Autor Mark Minch-de Leon
en Limba Engleză Paperback – 4 noi 2025
Reclaiming power and prophecy through California Indian intellectual resurgence and anticolonial resistance

 
Mark Minch-de Leon explores the anticolonial dimensions of California Indian intellectual and cultural resurgence in the aftermath of apocalypse in this compelling reexamination of Indigenous art, literature, and theory. Centering on a reinterpretation of the Ghost Dance, a ceremony first practiced in the nineteenth century, as a collective demonstration of prophecy and resilience, Indigenous Inhumanities envisions an expanded poetics of resistance through a reconfigured relationship to death and the dead.

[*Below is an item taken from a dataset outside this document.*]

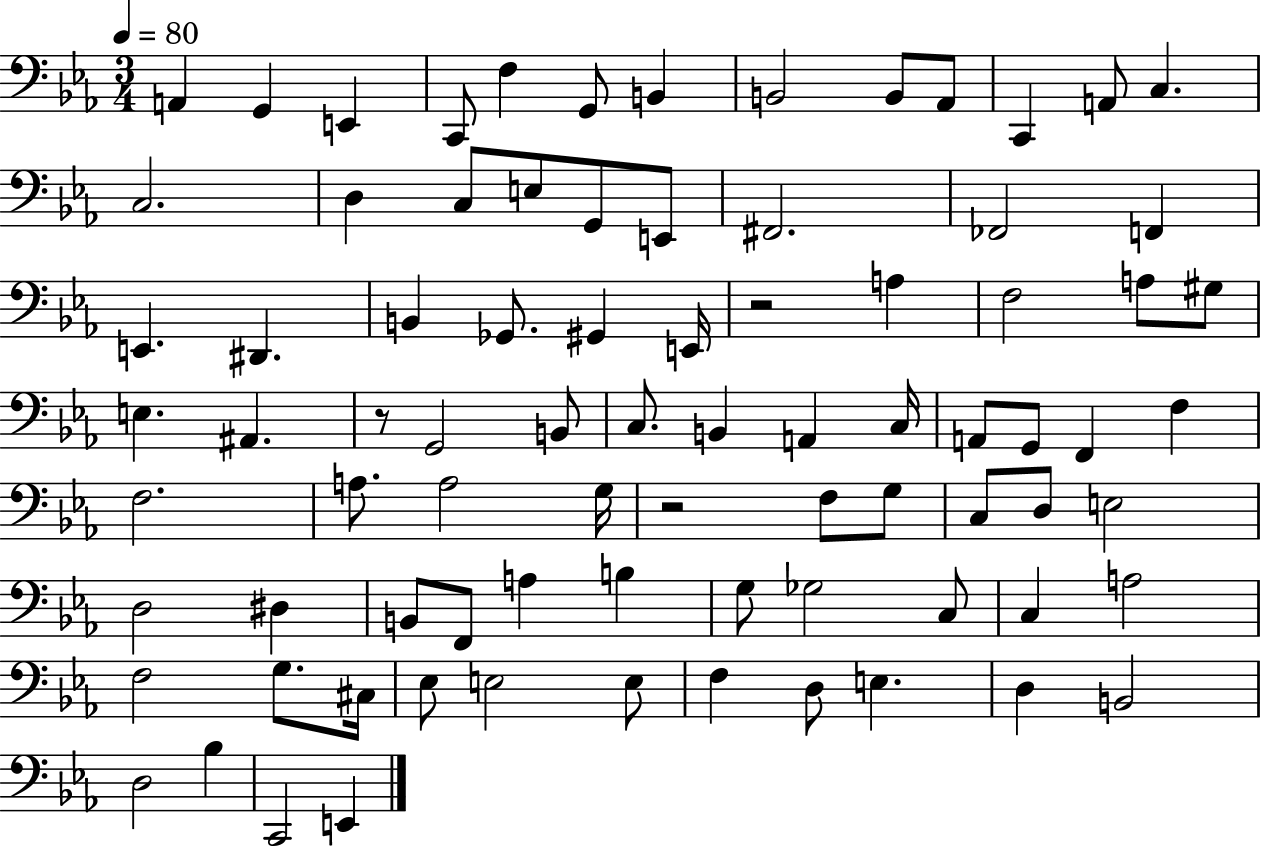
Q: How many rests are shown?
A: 3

By dismantling the colonial frameworks of inclusion, recognition, and representation that reinforce settler-state power, Minch-de Leon shows how storytelling can be reclaimed as both research and as a tool for decolonization.
 
Taking up critical issues that the state has used to discipline California Indian relations to ancestors, such as the politics of human remains repatriation and the discourse around California Indian genocide, Minch-de Leon centers Indigenous knowledge and social systems while challenging legal and political definitions of violence, power, and the human. Rich case studies showcase the evocative art of Frank Day, the poetry of Tommy Pico, and the writings of Deborah Miranda, highlighting how these creators advance Indigenous theory and disrupt settler categories.
 
By refusing reconciliation and embracing Indigenous frameworks of radical relationality and the “inhuman” (what lies outside of human control), Minch-de Leon presents a bold vision of Indigenous antihumanist survival and resurgence. Indigenous Inhumanities illuminates the path toward decolonial futures by following the radical turn the ancestors made toward the powers of the dead to bring an end to the colonial world.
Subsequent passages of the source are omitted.